Укрывшись за снежным валом, сквозь проделанный в снегу глазок следил Доброскоков, почти уверенный в том, что все произойдет по плану.
И, действительно, оттуда, где гремел проклятый «Суоми», выглянул офицер. Скрылся. Опять выглянул. На этот раз он заметил шапку на снегу и осторожно направился к ней. Шагах в двадцати, успокоенный тишиной, осмелел, выпрямился и размашисто шагнул… Это был последний шаг в его жизни. Выстрел Доброскокова свалил его сразу.
Не торопясь, вышел Доброскоков из своей снежной тюрьмы, с наслаждением потянулся, потом поднял ушанку, осмотрел ее:
— Н-да, моя голова столько пуль не выдержала бы! — сказал он, насчитав на ушанке с десяток дыр, и философически заключил: — и шапка может сослужить службу, но для этого все-таки голова нужна!
Он подошел к убитому финскому стрелку. Рослый молодой парень в синем теплом офицерском комбинезоне лежал на боку. По обеим сторонам валялись «Суоми» и финские лыжи.

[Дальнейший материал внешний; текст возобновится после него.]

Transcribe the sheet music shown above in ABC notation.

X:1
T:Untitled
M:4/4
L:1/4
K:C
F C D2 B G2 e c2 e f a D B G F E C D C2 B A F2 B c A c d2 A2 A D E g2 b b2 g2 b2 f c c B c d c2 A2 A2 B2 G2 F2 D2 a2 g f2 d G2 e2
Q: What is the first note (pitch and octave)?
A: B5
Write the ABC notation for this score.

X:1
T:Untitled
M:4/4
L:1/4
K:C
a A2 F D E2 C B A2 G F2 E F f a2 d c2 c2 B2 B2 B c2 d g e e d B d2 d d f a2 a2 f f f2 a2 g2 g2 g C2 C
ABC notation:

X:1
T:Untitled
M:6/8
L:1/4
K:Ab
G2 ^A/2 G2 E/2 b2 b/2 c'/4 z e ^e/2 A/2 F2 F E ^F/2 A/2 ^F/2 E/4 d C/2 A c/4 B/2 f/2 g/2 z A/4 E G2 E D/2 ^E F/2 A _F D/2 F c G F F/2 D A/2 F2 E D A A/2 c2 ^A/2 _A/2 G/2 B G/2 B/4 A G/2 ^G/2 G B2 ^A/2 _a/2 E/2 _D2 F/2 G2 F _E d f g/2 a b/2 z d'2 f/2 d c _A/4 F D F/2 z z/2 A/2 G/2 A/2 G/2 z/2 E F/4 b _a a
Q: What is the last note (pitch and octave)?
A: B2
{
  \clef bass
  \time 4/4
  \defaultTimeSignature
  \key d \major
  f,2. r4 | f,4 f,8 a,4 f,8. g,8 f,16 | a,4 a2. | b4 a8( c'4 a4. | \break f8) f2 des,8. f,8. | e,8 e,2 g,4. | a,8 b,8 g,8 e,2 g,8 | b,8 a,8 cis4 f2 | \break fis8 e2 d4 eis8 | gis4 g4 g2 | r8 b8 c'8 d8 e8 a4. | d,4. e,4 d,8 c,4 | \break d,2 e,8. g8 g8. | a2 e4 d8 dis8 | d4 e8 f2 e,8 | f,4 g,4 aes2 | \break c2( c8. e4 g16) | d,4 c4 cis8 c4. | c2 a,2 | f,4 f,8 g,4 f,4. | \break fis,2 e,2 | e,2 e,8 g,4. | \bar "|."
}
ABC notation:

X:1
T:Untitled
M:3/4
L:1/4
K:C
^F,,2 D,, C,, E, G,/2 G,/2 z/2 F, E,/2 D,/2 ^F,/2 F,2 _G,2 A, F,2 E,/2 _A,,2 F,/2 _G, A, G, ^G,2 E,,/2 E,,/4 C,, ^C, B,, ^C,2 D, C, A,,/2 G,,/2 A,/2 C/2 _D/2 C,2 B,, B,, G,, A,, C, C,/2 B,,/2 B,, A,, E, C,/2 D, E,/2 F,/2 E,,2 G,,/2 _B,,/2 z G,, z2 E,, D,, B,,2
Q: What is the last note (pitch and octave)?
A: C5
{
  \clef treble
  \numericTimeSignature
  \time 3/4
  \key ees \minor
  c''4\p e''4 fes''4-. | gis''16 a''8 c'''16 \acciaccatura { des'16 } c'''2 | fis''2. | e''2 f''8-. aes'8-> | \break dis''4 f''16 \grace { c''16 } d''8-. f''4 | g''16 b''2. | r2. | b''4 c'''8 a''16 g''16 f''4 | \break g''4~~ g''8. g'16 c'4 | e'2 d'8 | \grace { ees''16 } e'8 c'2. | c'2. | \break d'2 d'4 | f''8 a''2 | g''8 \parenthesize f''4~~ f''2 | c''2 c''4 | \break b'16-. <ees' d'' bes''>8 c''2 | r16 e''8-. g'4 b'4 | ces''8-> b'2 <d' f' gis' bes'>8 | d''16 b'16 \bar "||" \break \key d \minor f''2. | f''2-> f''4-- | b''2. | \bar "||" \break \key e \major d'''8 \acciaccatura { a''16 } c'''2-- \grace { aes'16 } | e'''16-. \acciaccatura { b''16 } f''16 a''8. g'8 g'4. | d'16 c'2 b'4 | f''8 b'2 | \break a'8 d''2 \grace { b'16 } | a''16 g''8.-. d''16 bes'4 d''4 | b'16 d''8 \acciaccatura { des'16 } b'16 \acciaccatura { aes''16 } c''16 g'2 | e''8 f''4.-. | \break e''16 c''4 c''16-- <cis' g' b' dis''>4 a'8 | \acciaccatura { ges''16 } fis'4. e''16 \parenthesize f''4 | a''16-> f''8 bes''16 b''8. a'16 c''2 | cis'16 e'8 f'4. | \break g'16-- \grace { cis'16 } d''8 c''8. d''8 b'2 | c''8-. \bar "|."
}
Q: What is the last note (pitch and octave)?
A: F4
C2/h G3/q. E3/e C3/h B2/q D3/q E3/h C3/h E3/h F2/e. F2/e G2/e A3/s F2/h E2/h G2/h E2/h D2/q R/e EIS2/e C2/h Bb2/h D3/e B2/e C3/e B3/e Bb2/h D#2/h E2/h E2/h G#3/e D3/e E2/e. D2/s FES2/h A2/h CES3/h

Политрук вынул из офицерской кобуры револьвер, поднял «Суоми». Прикоснувшись к горячему еще пулемету, он был изумлен, что пальцы его не ощутили тепла.
— Неужто обморозил? Еще этого нехватало!
Пошарил в карманах, за пазухой — рукавиц нет!
Видно, в бою посеял!
Раненая левая рука мучительно заныла.
Мертвая тишина вокруг.
Забыв боль, Доброскоков спешил использовать минутную передышку и пополз в сторону, где, как он помнил, замертво свалился Луканин. Нашел, бережно, словно боясь причинить боль, осмотрел товарища. Убедившись, что помощь человеческая здесь уже бесполезна, поцеловал любимого друга в губы.
Мороз перевалил за тридцать градусов. Доброскоков не чувствовал рук.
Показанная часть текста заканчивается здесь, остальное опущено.